Heads in the Sand

East Hampton Town Trustees failed to even discuss the soggy, beer-fueled weekend gatherings

   If ever one needed evidence of America’s profoundly contradictory attitude toward alcohol, one need look no further than the Town of East Hampton. By night, police conduct necessary sweeps to get drunken drivers off the roads. By day, it is a different story: Public drinking — to considerable excess — seems to be encouraged, at least tacitly.
    We were surprised and not a little disappointed to learn that the East Hampton Town Trustees, whose jurisdiction notably includes most of the town’s beaches, failed to even discuss the soggy, beer-fueled weekend gatherings at Indian Wells Beach in Amagansett at their last meeting, even though the Amagansett Citizens Advisory Committee had mulled the problem (and a report thereof had appeared on our front page).
    We have a view about the matter: Daytime alcohol use should be banned on town beaches while lifeguards are present. The trustees may have come to a different conclusion if they bothered to take up the issue, but nary a word passed the nine members’ lips. Part of their reluctance may be that in order to get a ban on the books, they would have to gain the town board’s cooperation. That is no excuse for pretending the growing problem at Indian Wells does not exist, however.
    East Hampton Village and the state parks prohibited alcohol on their beaches long ago.
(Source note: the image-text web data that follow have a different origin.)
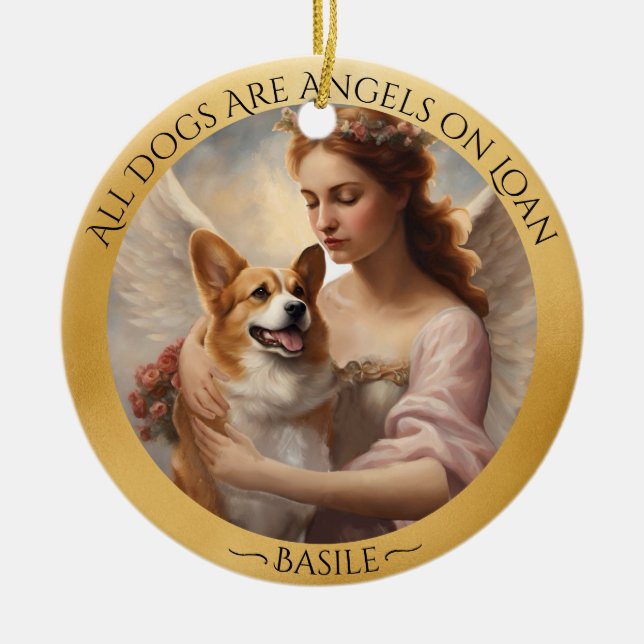 Corgi Angel Personalised Memorial  Ceramic Ornament (Front)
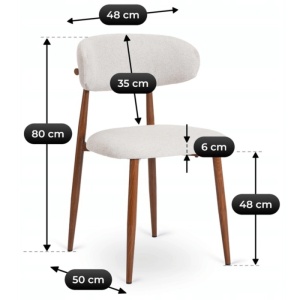 SCAUN DINING, ARTIM MEBLE, REALIZAT DIN METAL SI TEXTIL, CULOARE NUC/CREM, STIL MODERN - Img 6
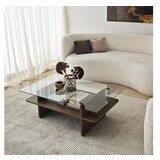 Hanah home sto za dnevnu sobu saga rectangle walnut transparent | ePonuda.com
In the town, the public might prefer that drinking continue in some places or at some times, for example, after families have gone home.
    It is reasonable to expect that the Indian Wells gatherings will grow, and perhaps spread. With alcohol abuse there on weekend afternoons comes greater costs to residents’ enjoyment of the beach, as well as potential risks caused by drunken drivers or soused pedestrians. Town officials, both on Pantigo Road and in the trustees’ sea-view redoubt on Bluff Road, should take up the question sooner rather than later.